Akhirnya, aku dimerdekakan oleh Allah SWT dan hidup sebagai seorang muslim yang bebas merdeka. Aku pun menjadi bagian bersama Rasulullah dalam Perang Khandaq dan peperangan lainnya."
Kisah kepahlawanan Salman yang terkenal adalah karena
idenya membuat parit dalam upaya melindungi kota Madinah dalam Perang
Khandaq. Ketika itu Madinah akan diserang pasukan Quraisy yang mendapat
dukungan dari suku-suku Arab lainnya yang berjumlah 10.000 personel.

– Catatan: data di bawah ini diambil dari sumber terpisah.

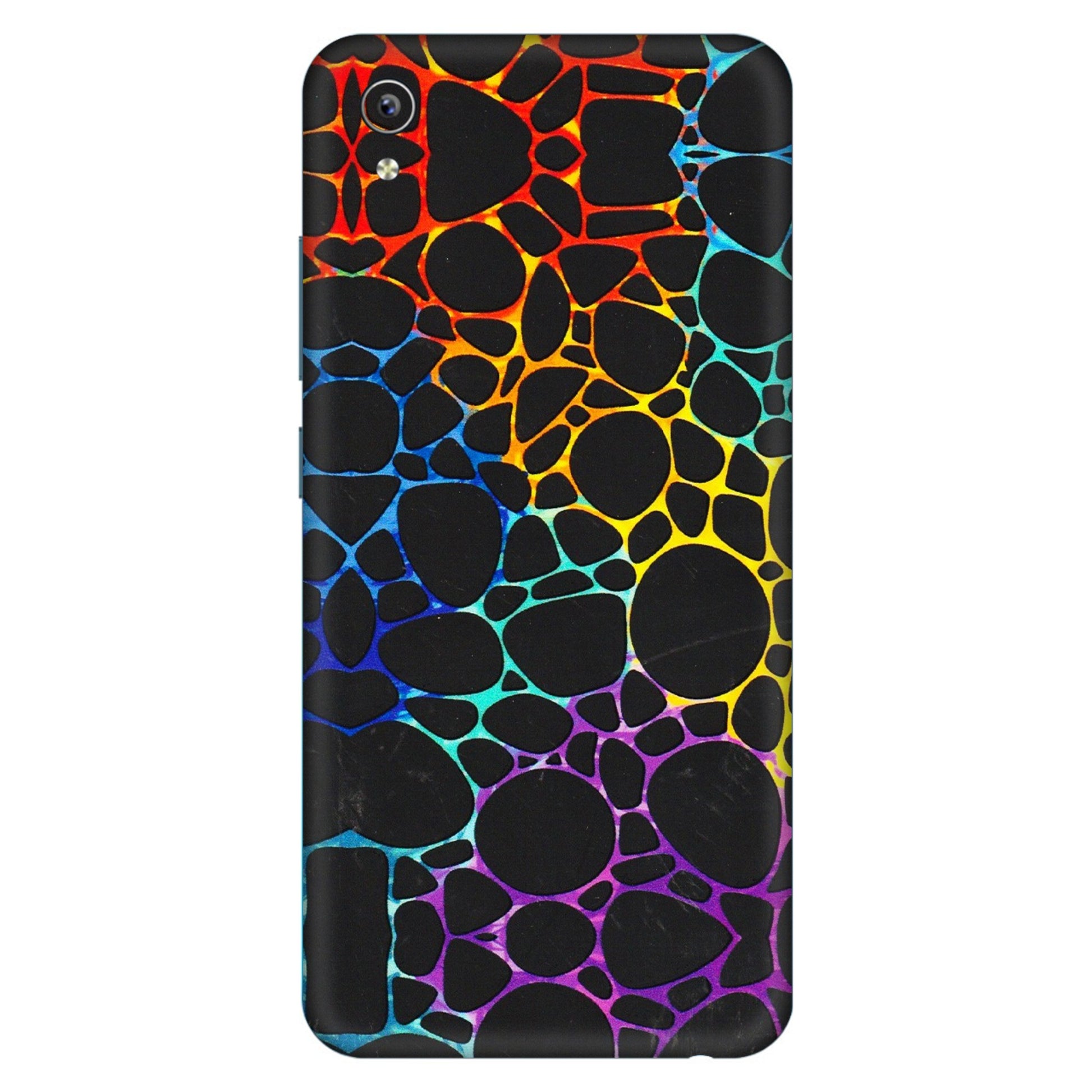 VIVO Y Series Phone Skins (All Models) - Abstract Art MultiColour - 3D Embossed Finish (L-133) Vivo Y91i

Pemimpin pasukan itu adalah Abu Sufyan. Ancaman juga datang dari dalam
Madinah, di mana penganut Yahudi dari Bani Quradhzah akan mengacau dari
dalam kota.
Rasulullah SAW pun meminta masukan dari
sahabat-sahabatnya bagaimana strategi menghadapi mereka. Setelah
bermusyawarah akhirnya saran Salman Al Farisi atau yang biasa dipanggil
Abu Abdillah diterima. Strategi Salman memang belum pernah dikenal oleh
bangsa Arab pada waktu itu. Namun atas ketajaman pertimbangan Rasulullah
SAW, saran tersebut diterima.
Atas saran Salman itulah perang dengan jumlah pasukan yang tak seimbang dimenangkan kaum Muslimin.
Setelah meninggalnya Nabi Muhammad, Salman dikirim untuk menjadi gubernur di daerah kelahirannya, hingga dia wafat.